Sunday, August 30, 2009
I am a fan of Lawrence Block's mystery novels; since reading his recent memoir "Step by Step" I became aware of this book, subtitled "A Novel for a New Age". In Oregon a man begins a walk across the country by putting one foot in front of the other. He starts to gather other folks who also decide to walk with him. The walk is being done without forethought but purposefully, gathering people as they go, sleeping and eating wherever they find themselves, not exactly knowing where they will finish. At the same time a serial killer is on the loose, killing women wherever he finds them, not understanding why he is killing but getting some sort of satisfaction out of the act. The paths of all these people intersect somewhere in the story with a surprising and promising result. This book was quite unlike other books by the same author and I enjoyed it (though the chapters about the killer were a little hard to read!)
Tuesday, August 25, 2009
"Raising an Autistic Child" Volume 1
This book was a new experience for me because it is a Manga, a Japanese comic. I enjoyed comic books as a child and Manga reminds me of that time.
"With the Light" is translated from the Japanese, set in Japan, and focuses on a young family having a child afflicted with autism. The young parents flounder, looking for why this has happened to them and dealing with many misunderstandings. For example, many people are thinking the mother is at fault, spoiling her child or not teaching him correctly when actually she's doing her very best without much support from anyone. Even her husband and mother-in-law at times think she is the reason her child is different.

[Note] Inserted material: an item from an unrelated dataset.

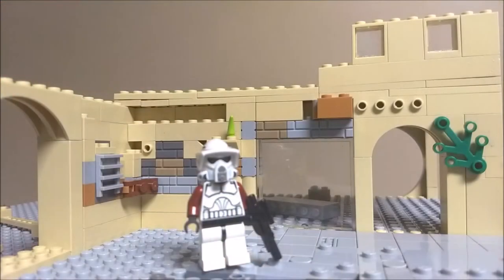All right guys, this is going to be the end of our first episode of Building Feed. To close out the video, I'm just going to have a pretty cool slideshow of what I've been working on.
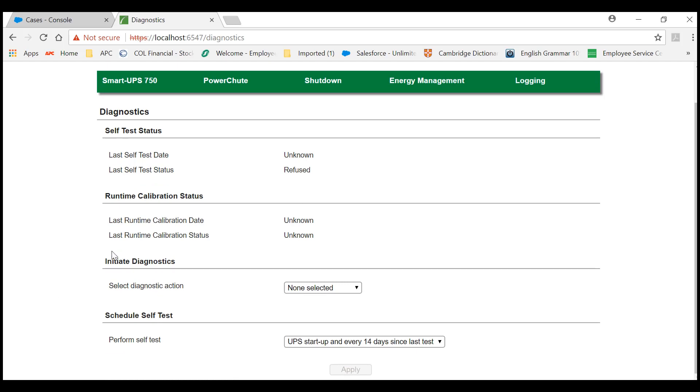Under this page, you may initiate Diagnostics and select either of the three: Self-Test, Run Calibration, or Test Alarm. For this demo, we will run a Self-Test. Then click Apply.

I was surprised to see this Manga on the fiction shelves of my public library. I see that volume 2 of the same series is also there and I will be looking for it soon to continue this saga about the autistic child.
Saturday, August 22, 2009
Very enjoyable book! The Castaways is about 8 people, 4 married couples, living on the island of Nantucket. As the story opens, one of the couples is found drowned while on a boating excursion to celebrate an anniversary. Each of the remaining six in the Castaway group is affected in a profound and different way by the deaths. A mystery regarding why this couple drowned is more or less resolved as the book nears its final pages, so that I found myself hardly able to put it down.
Sunday, August 16, 2009
A favorite mystery writer is Lawrence Block and a favorite pastimes is walking. "Step by Step" is a combination of these two: an autobiography detailing his history in the sport of race walking. The subtitle is "A Pedestrian Memoir". Mr. Block, who is now in his seventies, participated in long distance race walking, sometimes taking part in marathons and ultra marathons. I found it interesting because because I've always enjoyed this author plus I enjoy walking, but I don't know if it would be of high interest to others.
Monday, August 10, 2009
Recently I purchased an Apple Touch 16 GB with a goal to read ebooks on it. The App store has the ebook version of this story available free so I downloaded it, founding it comfortable and interesting to read the ebook version of fiction for the first time in my life. Of course the story is very intriguing and curious; I was able to set the font and background for good reading. Next I want to rent the DVD movie of this story and see how it compares with the original story. I have lived long enough to see major changes in so many areas of our lives, and the ebook is just one of them. I'm not ready to give up the library and holding an actual paper book in my hands, but I can see the merits of the ebook world.
Sunday, August 9, 2009
Loved it! Eilis is a young Irish girl who decides to try her luck in post WWII America. She makes the difficult passage across the ocean to Brooklyn, gets a job, meets people and begins to make her way. In the meantime family ties are pulling her back to the old country. This book expresses the two forces that often pull at immigrants everywhere: adventure and desire for a better life and the emotional pull and comfort of the familiar. This is a great book, leaving me wondering until the last page what direction she would choose.
Monday, August 3, 2009
Debbie Macomber's books are always warm and comfortable reading. The setting is a small town in Washington where the people are kind and helpful to each other. The characters include people searching for love, children searching for parents, everyday kinds of problems approached in a light lovely way. Her books are an escape from the problems of the real world. "Summer" follows this same prescription: a knitting group is formed to enable people to kick their problems. The members of the group include a young woman hoping to stop smoking and have a baby, a lonely man who is very successful but involved in a lawsuit that could destroy his company, a young woman who hopes to adopt and a single mother who hopes to protect her adopted daughter. This is a very pleasant book.